Ogawa Kazumasa (小川 一眞), also known as Ogawa Kazuma or Ogawa Isshin, was a Japanese photographer, printer and publisher who was a pioneer in photomechanical printing and photography in the Meiji era.

==Life==
Ogawa was born in Saitama to the Matsudaira samurai clan. He started studying English and photography at the age of 15 under Yoshiwara Hideo, then in 1880, he moved to Tokyo in order to further hone his English language skills. One year later, Ogawa was hired as an interpreter in the Yokohama Police Department, while learning photography from Shimooka Renjō in Yokohama.

In 1882, he moved to Boston where he took courses in portrait photography and the dry plate process. He also studied collotype printing in Albert Type Company.

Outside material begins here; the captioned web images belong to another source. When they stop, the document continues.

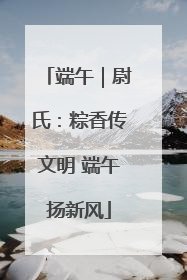 端午｜尉氏：粽香传文明 端午扬新风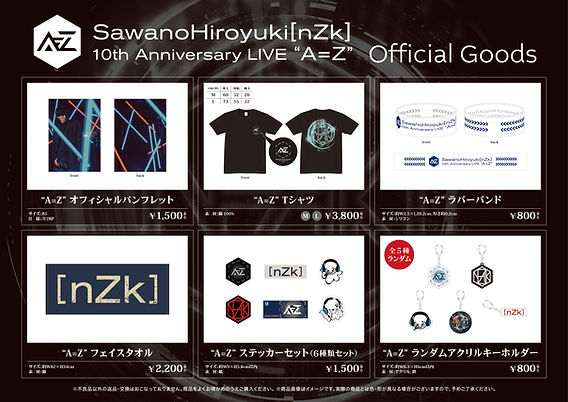 SawanoHiroyuki[nZk] 10th Anniversary LIVE “A=Z”』オフィシャル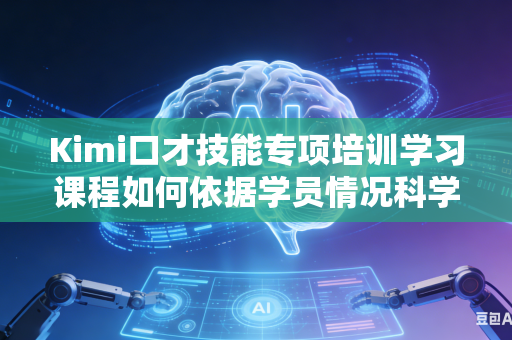 Kimi口才技能专项培训学习课程如何依据学员情况科学合理调整整体学习编排顺序吗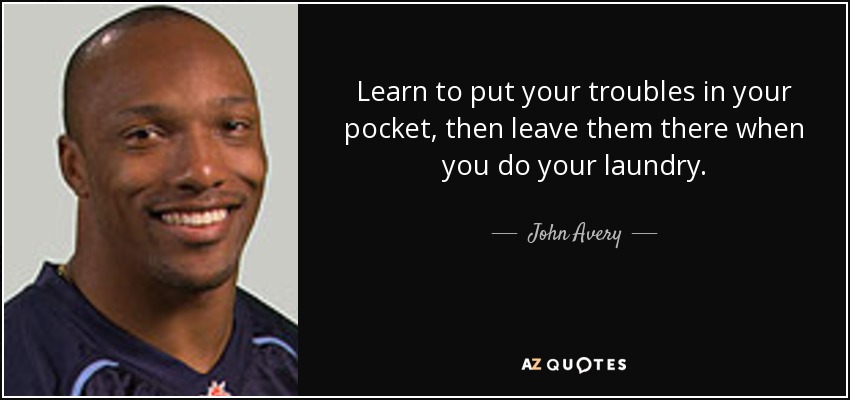 Learn to put your troubles in your pocket, then leave them there when you do your laundry. - John Avery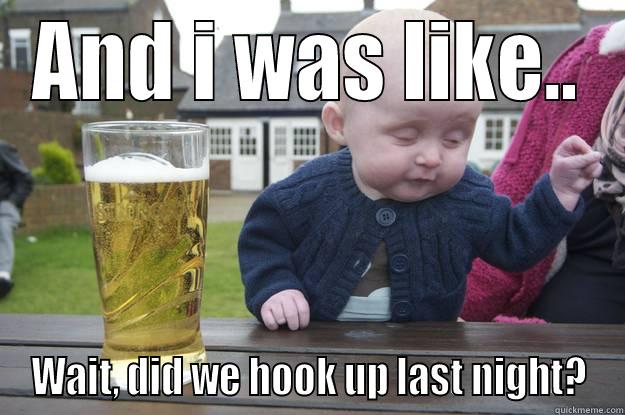 AND I WAS LIKE.. WAIT, DID WE HOOK UP LAST NIGHT? drunk baby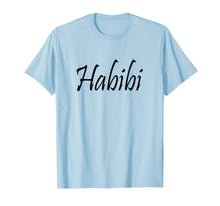 Load image into Gallery viewer, Habibi t-shirt,gift for lovers,arabic love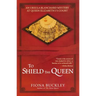 To Shield the Queen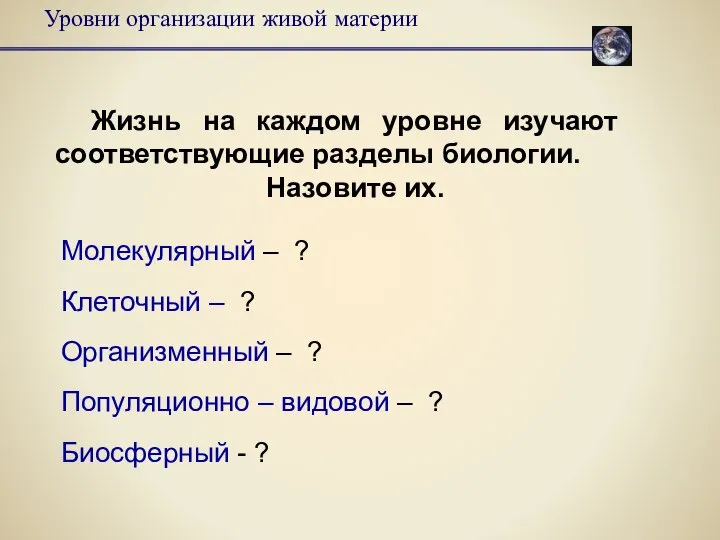 Молекулярный – ? Клеточный – ? Организменный – ? Популяционно – видовой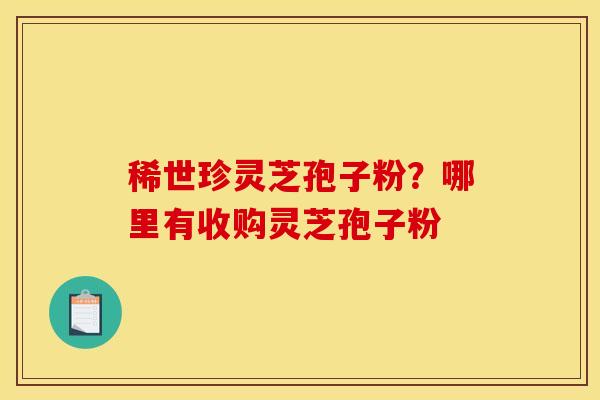 稀世珍灵芝孢子粉？哪里有收购灵芝孢子粉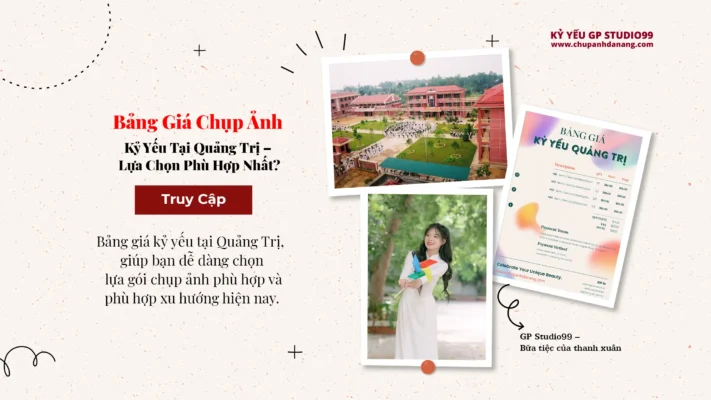 Bảng Giá Chụp Ảnh Kỷ Yếu Quảng Trị – Lựa Chọn Phù Hợp Nhất? 11 Bảng giá Kỷ yếu Quảng Trị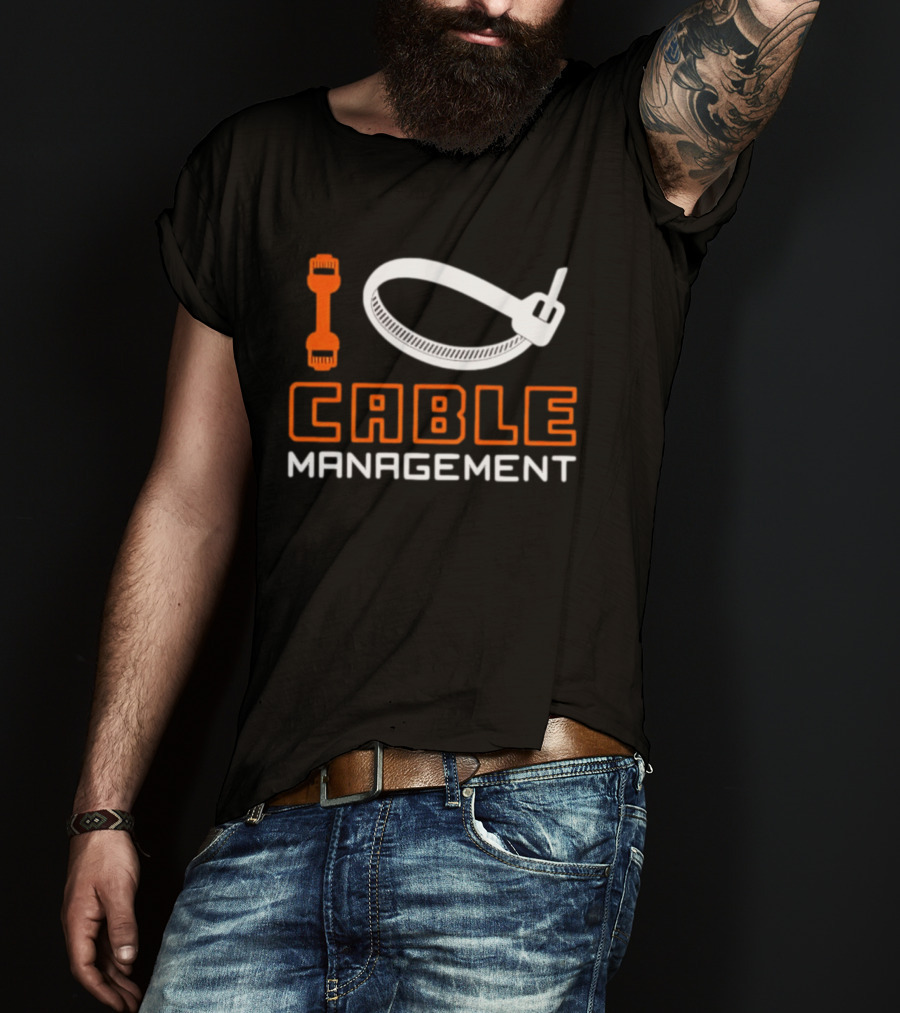 I Love Cable Management Ethernet Connector Zip Tie Tech IT Network T-Shirt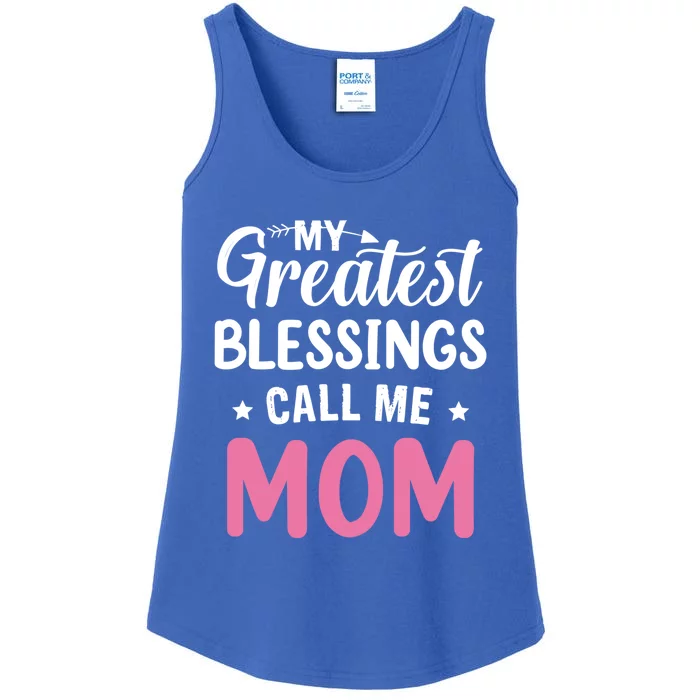 My Greatest Blessings Calls Me Mom Happy Mother's Day Great Gift Ladies Essential Tank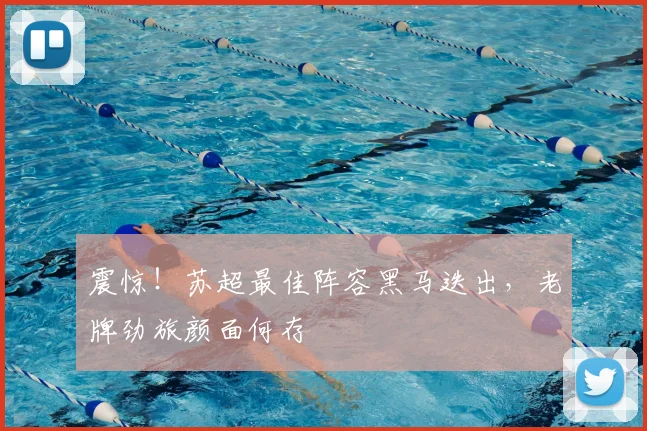 震惊!苏超最佳阵容黑马迭出,老牌劲旅颜面何存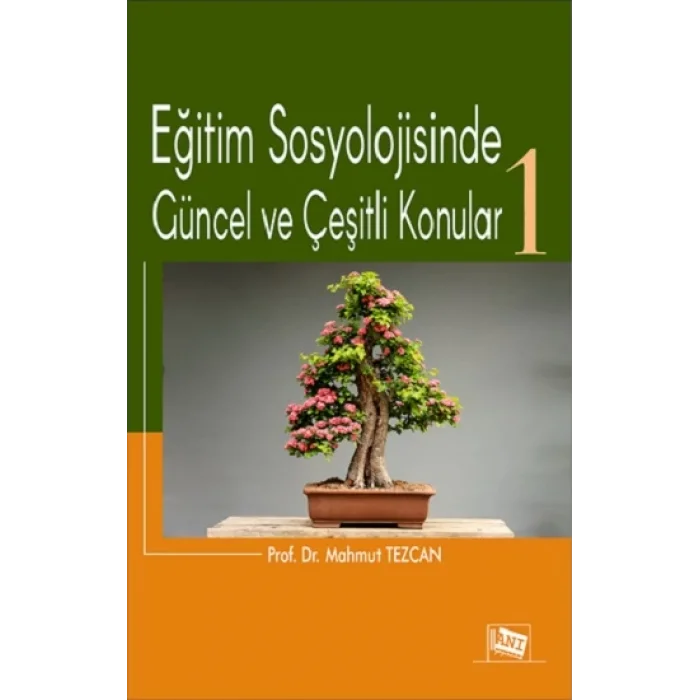Eğitim Sosyolojisinde Güncel Ve Çeşitli Konular 1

Upon his return to Japan in 1884, Ogawa opened a photographic studio in Iidabashi (Kōjimachi), the first in Tokyo. Four years later, he established the Tsukiji Kampan Seizō Kaisha (築地乾板製造会社 Tsukiji dry plate manufacturing company), which manufactured dry plates for use by photographers. In 1889, he set up Japan's first collotype business, the Ogawa Shashin Seihan jo (小川写真製版所), also referred to as the K. Ogawa printing factory. In the same year, Ogawa worked as an editor for Shashin Shinpō (写真新報, lit. Photography journal), the only photographic journal available at the time, as well as for Kokka magazine (国華, lit. National flower). He printed both magazines using the collotype printing process.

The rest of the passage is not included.